Figure 3. 7-DHC Inhibits LPS-Induced Inflammatory Response in RAW 264.7 Macrophages. (A–D) RT-qPCR detection of mRNA expression levels for pro-inflammatory genes (Tnf, Il1b, Nos2, and Mmp9). (E) Representative image of iNOS immunofluorescence staining. (F) Semi-quantitative analysis of iNOS immunofluorescence intensity. (G) Representative image of p-p65 immunofluorescence staining. (H) Semi-quantitative analysis of p-p65 fluorescence intensity. (I) Western blot images showing protein expression of iNOS, p-p65, p38, p-p38, ERK, p-ERK, JNK, and p-JNK. (J) Quantitative analysis of Western blot results.
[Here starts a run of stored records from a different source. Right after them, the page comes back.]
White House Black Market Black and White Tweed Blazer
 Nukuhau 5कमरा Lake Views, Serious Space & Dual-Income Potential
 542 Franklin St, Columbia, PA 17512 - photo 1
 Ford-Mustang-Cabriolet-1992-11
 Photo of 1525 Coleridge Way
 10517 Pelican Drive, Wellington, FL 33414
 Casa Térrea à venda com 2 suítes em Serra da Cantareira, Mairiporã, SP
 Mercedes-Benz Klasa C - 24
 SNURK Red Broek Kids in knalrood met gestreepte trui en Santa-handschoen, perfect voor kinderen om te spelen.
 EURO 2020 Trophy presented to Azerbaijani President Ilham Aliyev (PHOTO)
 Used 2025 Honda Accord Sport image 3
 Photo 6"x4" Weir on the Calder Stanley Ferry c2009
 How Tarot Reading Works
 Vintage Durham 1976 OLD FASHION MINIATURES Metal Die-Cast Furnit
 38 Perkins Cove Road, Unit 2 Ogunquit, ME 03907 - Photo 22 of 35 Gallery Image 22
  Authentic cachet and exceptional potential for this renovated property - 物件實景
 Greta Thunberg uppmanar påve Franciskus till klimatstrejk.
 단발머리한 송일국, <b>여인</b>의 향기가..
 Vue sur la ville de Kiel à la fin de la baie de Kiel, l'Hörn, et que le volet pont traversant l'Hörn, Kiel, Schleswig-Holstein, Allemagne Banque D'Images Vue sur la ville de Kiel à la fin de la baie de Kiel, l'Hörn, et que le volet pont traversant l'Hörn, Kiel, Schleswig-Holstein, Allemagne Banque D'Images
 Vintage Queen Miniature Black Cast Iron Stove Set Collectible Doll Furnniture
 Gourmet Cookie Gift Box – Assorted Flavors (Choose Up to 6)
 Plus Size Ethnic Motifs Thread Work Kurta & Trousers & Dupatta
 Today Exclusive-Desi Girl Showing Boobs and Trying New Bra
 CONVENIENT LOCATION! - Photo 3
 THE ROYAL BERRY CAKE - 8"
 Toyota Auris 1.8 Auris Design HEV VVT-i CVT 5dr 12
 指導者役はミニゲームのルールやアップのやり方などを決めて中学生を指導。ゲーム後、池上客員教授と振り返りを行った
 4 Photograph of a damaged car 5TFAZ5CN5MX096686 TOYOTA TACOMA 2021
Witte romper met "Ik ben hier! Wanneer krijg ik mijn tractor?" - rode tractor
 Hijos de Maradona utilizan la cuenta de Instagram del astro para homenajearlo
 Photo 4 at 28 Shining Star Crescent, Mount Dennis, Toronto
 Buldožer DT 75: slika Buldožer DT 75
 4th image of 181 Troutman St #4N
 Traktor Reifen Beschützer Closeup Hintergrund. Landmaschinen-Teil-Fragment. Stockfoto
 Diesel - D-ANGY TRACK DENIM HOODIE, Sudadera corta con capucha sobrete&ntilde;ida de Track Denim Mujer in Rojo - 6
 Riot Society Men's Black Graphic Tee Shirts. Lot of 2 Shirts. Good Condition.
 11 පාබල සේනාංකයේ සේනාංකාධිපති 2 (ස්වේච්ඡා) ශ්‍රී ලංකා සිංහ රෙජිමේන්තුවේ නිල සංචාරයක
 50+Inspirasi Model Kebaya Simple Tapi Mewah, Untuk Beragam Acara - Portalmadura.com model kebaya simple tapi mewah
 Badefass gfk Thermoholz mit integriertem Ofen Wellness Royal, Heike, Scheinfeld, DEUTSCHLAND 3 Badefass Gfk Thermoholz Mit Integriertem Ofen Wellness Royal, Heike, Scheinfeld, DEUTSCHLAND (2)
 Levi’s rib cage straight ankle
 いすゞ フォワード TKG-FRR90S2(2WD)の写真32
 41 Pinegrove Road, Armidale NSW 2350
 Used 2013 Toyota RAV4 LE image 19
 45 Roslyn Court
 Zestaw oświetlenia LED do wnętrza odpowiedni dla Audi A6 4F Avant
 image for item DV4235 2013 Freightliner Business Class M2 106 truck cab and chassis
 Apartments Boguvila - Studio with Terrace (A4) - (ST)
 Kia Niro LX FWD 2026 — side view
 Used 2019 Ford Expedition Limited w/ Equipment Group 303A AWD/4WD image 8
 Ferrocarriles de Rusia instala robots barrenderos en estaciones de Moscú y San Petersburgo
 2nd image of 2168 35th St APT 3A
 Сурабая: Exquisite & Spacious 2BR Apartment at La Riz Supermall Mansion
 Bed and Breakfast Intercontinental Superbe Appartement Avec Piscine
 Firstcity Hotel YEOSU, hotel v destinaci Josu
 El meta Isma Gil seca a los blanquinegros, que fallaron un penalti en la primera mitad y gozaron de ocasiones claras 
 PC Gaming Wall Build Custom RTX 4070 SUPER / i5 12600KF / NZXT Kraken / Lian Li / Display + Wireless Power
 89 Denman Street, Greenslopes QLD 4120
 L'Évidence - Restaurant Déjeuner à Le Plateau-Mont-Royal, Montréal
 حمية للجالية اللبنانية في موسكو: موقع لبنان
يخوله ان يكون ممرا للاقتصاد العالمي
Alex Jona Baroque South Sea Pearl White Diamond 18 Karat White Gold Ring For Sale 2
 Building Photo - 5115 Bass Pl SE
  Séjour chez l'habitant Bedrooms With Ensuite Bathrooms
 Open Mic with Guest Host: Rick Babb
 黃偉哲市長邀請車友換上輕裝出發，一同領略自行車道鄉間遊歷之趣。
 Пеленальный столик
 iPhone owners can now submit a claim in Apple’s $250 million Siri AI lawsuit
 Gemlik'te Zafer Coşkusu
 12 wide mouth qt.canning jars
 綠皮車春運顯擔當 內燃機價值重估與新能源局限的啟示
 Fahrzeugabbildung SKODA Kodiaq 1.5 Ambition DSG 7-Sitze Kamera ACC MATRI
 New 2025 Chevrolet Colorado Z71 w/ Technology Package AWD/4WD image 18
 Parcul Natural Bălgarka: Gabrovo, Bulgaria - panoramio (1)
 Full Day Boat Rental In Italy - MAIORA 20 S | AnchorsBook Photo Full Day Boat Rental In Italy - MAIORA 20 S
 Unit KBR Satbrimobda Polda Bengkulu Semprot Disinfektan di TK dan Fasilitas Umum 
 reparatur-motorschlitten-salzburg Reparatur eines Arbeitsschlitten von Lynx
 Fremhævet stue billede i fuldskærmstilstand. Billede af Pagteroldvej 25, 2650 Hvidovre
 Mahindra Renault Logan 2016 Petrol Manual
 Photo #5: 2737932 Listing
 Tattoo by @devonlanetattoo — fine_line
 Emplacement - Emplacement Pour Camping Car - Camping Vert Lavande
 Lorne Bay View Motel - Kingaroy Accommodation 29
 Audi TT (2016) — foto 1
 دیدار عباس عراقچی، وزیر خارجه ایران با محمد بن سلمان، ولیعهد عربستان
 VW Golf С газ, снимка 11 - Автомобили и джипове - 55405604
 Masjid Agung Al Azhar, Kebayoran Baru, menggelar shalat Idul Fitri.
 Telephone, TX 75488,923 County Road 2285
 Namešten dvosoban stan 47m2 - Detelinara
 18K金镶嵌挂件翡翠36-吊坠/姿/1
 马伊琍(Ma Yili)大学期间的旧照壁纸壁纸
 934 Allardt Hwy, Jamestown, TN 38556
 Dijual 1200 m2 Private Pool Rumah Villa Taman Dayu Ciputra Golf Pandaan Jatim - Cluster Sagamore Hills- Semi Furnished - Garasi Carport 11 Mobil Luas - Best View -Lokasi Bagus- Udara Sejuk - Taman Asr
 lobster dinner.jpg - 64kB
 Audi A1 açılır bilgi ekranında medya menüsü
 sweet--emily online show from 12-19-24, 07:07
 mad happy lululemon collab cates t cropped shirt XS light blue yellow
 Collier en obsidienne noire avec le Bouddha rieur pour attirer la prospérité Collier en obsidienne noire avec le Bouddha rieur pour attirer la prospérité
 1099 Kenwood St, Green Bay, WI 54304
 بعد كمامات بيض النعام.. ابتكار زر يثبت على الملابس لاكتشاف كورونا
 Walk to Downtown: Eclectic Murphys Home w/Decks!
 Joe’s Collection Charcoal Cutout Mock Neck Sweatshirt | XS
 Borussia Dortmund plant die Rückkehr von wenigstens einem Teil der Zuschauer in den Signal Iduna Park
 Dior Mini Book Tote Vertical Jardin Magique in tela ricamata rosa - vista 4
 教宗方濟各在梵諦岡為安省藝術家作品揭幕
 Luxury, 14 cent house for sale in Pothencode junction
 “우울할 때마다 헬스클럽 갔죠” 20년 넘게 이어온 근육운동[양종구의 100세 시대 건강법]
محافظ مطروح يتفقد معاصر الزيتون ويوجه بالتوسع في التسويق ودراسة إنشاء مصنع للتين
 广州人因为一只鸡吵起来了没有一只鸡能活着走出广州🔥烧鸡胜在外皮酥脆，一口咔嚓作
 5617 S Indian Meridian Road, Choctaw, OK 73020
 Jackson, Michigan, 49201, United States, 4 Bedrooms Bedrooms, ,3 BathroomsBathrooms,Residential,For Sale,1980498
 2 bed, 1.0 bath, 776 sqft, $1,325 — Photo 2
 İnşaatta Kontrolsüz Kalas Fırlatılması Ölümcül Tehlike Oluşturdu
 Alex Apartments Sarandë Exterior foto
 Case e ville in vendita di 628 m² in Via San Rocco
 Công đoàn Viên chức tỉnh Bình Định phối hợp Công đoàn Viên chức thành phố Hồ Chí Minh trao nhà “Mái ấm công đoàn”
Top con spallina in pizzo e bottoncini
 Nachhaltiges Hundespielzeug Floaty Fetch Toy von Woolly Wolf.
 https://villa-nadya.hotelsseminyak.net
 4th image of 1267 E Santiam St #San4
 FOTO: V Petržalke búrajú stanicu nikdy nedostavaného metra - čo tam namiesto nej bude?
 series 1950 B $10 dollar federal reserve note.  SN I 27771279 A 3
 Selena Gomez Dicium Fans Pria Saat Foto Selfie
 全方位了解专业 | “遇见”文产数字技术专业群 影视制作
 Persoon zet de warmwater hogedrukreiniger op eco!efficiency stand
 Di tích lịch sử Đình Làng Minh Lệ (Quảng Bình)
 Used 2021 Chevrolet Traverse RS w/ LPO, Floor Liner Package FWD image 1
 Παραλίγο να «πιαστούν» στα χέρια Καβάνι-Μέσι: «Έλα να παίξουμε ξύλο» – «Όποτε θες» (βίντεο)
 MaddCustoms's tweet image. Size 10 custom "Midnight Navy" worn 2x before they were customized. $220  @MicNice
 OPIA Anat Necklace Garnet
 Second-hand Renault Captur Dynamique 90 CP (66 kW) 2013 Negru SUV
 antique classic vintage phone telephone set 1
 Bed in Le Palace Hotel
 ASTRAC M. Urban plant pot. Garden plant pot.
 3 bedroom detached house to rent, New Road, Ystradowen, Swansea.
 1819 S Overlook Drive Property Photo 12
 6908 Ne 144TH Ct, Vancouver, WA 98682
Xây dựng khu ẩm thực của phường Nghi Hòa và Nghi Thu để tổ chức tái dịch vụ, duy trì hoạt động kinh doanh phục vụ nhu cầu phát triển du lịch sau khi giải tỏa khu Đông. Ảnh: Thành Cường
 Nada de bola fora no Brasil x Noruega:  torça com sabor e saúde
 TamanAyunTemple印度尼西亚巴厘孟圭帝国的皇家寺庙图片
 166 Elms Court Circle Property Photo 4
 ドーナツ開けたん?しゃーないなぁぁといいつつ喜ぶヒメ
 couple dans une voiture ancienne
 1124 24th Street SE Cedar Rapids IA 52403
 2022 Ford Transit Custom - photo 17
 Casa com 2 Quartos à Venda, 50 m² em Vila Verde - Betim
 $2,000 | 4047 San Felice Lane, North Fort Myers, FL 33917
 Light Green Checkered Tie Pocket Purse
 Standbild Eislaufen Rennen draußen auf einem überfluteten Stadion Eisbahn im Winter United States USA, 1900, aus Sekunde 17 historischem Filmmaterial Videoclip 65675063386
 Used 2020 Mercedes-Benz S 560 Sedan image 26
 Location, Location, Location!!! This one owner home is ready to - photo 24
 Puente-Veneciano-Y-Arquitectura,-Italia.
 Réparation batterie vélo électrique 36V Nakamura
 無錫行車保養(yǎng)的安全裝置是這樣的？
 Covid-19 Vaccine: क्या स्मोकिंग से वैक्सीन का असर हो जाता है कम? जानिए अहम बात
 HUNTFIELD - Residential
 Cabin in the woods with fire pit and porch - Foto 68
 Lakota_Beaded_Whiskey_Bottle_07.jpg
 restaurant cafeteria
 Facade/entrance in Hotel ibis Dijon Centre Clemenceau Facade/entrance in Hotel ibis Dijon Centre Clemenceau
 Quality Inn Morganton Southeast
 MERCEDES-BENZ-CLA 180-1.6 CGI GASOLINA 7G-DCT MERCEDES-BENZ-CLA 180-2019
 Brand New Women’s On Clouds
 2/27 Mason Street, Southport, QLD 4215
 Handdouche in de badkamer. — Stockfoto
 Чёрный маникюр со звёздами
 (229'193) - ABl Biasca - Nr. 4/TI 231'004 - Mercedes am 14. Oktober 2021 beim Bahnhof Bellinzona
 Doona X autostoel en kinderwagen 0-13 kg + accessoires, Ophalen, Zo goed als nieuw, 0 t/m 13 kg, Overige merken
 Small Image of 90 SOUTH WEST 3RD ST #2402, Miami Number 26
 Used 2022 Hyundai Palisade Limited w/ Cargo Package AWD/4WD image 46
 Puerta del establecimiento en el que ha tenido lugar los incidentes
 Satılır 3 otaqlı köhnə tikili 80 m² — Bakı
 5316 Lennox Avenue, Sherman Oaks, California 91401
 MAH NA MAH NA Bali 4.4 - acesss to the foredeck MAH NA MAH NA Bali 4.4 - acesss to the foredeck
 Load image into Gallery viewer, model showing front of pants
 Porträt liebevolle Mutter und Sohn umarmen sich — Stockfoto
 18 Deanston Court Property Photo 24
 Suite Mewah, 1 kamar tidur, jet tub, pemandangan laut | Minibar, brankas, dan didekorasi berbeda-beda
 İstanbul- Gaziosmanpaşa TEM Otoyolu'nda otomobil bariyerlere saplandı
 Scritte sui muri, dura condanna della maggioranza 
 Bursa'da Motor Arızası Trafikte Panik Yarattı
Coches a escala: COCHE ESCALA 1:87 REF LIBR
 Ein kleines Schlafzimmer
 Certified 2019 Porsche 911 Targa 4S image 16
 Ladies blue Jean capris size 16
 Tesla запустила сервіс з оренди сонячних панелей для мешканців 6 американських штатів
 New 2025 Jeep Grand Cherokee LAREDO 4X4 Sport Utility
Data are mean ± SD (n = 3). *p < 0.05, **p < 0.01 vs. control, one-way ANOVA with Tukey’s post hoc test.

To explore the structural basis of the anti-inflammatory effect, molecular docking simulations were conducted. Molecular docking, a computational technique for analyzing ligand–receptor interactions, typically indicates stronger affinity through more negative (lower) binding energies (Hsin et al., 2013). Docking results showed that 7-DHC binds specifically to active sites of key inflammatory signaling molecules, including NF-κB subunit p65 and MAPK pathway proteins (ERK, JNK, and p38), with binding energies all below −5 kcal/mol (ERK: −8.158 kcal/mol; JNK: −9.764 kcal/mol; p38: −9.131 kcal/mol; p65: −7.005 kcal/mol) (Supplementary Figure S1). Binding energies ≤ −7.0 kcal/mol indicate strong interactions (Pinzi and Rastelli, 2019). These findings suggest direct interactions of 7-DHC with these proteins, potentially interfering with their activation.

These computational results were further confirmed experimentally. IF staining and WB detected iNOS expression. LPS stimulation significantly increased iNOS fluorescence intensity and protein levels, which were dose-dependently reduced by 7-DHC (Figures 3E,F,I). NF-κB activation, characterized by p65 nuclear translocation, was analyzed by IF staining. LPS strongly promoted p-p65 nuclear accumulation, a process effectively inhibited by 7-DHC treatment (Figures 3G,H).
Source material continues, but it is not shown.